**Exercise objective**
Some of the lines below need repeating. Reproduce exactly those between the lines holding "Youtooz - Minecraft: Chicken Jockey" and "Dwyer Instruments Low", inclusive.

Information Block Start

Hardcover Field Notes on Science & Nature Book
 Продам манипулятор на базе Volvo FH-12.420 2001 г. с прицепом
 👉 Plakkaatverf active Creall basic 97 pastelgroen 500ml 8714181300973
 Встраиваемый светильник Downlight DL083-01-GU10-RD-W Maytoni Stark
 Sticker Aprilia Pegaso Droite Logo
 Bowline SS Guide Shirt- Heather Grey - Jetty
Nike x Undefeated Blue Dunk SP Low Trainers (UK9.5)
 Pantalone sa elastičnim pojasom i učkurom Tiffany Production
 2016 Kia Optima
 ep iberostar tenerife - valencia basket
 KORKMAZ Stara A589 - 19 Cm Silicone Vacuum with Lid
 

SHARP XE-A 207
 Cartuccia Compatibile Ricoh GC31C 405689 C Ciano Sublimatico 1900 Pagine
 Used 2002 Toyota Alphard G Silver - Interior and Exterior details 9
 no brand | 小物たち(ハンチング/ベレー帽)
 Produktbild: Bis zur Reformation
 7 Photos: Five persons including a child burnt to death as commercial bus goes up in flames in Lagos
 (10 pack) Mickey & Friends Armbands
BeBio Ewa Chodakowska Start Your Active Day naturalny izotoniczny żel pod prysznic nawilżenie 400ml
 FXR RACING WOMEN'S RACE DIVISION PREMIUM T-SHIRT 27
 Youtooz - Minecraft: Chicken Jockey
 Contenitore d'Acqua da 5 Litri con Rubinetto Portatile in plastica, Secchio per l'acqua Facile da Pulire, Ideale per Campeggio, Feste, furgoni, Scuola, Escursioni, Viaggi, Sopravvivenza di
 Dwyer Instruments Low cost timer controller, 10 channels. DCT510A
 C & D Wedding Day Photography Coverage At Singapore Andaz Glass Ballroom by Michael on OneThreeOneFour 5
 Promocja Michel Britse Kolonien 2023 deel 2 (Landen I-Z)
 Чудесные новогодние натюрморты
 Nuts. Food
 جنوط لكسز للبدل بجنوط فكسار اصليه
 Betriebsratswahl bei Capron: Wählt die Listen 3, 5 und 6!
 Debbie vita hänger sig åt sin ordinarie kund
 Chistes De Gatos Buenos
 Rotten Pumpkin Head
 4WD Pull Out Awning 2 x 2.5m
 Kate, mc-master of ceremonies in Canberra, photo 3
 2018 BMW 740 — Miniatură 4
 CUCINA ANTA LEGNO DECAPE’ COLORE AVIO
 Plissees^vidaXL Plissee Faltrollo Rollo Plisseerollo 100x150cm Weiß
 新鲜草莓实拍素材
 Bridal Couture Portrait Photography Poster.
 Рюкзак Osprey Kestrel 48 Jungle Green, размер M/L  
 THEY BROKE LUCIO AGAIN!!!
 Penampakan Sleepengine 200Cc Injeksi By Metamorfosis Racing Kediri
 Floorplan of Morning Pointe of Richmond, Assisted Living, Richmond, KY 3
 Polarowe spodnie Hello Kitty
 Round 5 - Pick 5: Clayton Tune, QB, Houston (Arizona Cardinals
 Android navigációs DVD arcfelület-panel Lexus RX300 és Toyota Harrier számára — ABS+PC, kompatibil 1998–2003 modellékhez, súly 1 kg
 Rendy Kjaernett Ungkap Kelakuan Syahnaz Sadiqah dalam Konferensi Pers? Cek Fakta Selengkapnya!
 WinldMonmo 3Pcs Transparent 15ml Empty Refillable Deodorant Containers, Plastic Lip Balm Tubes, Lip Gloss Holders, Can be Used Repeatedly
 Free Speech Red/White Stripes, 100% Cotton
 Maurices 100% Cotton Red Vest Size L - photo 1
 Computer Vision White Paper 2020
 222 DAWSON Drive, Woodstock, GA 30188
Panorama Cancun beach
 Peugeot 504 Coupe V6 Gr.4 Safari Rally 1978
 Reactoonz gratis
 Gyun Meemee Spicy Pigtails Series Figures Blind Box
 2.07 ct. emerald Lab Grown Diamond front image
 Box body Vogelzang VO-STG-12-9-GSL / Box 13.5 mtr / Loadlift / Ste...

Information Block End

**Response below**
 Youtooz - Minecraft: Chicken Jockey
 Contenitore d'Acqua da 5 Litri con Rubinetto Portatile in plastica, Secchio per l'acqua Facile da Pulire, Ideale per Campeggio, Feste, furgoni, Scuola, Escursioni, Viaggi, Sopravvivenza di
 Dwyer Instruments Low cost timer controller, 10 channels. DCT510A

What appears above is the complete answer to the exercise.